When the class as a whole and the teachers have the feeling that the negative or conflictual behaviour has sufficiently decreased - so that the learning processes has the chance to succeed and everyone is feeling happy in the class - then the track can be halted.  The class develops a plan whereby this improvement track can be discussed again.  In the beginning, it’s best to do this on a weekly basis.  Afterwards, discussions can be reduced to once a month.  Whatever the case, it’s wise to put the issue back on the agenda after a school holiday. We often see conflicts and negative behaviours increase after these breaks as the students once again attempt to establish their social position within the group (and not because they missed ‘the structure of the school’ during the break). 

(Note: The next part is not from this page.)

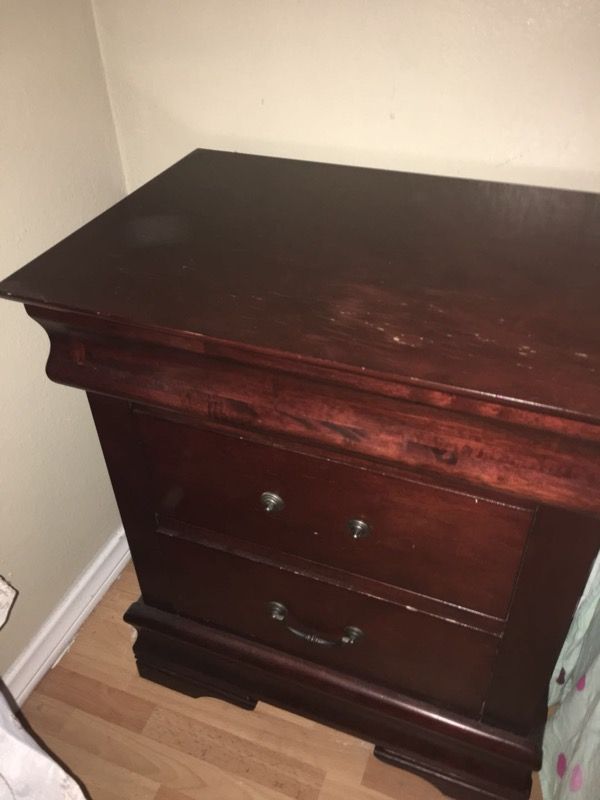 Bedroom furniture queen size bed two night standing one dresser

The improvement track remains on the agenda until a cultural change has taken place.  Not that the negative behaviour has vanished.  When the point is achieved that everyone thinks: “Why are we still talking about this?”, then, the class consultations can end. 


Possible Intermediate Step:  Measuring Energy or Feelings of Well-Being

In the tools under the category of ‘context time’, we’ve foreseen that students can remark on what boosts or drains ‘energy’.  On this basis and in general, we can see whether the students are doing well.  With the tool ‘Measuring Well-being’, we can map out the students’ well-being day-by-day.   At the end of the week, they fill in their top moments and their flop moments.  If the discussion of the ‘Measuring Well-being Tool’ with the class is too sensitive, the teacher can discuss this individually.  In other cases, the issue can be a topic of discussion in restorative circles.

Kids Swinging


V. Mapping Strengths

V. Mapping Strengths




The different streams of thought about ‘strengths’ make it clear that one can map strengths in different ways.  Young people who have fewer opportunities to successfully complete school benefit from looking at strengths in the broadest possible way.  When we understand all of the possible strengths of a young person, there’s a better chance that we can take advantage of them.  When we only make an inventory of strengths that concern school or education, we aren’t able to gain a total picture of the young person.  This is especially dangerous with young newcomers.  The diversity of this group is potentially so large that focussing on school strengths could amplify the dysfunctions of a particular school system. 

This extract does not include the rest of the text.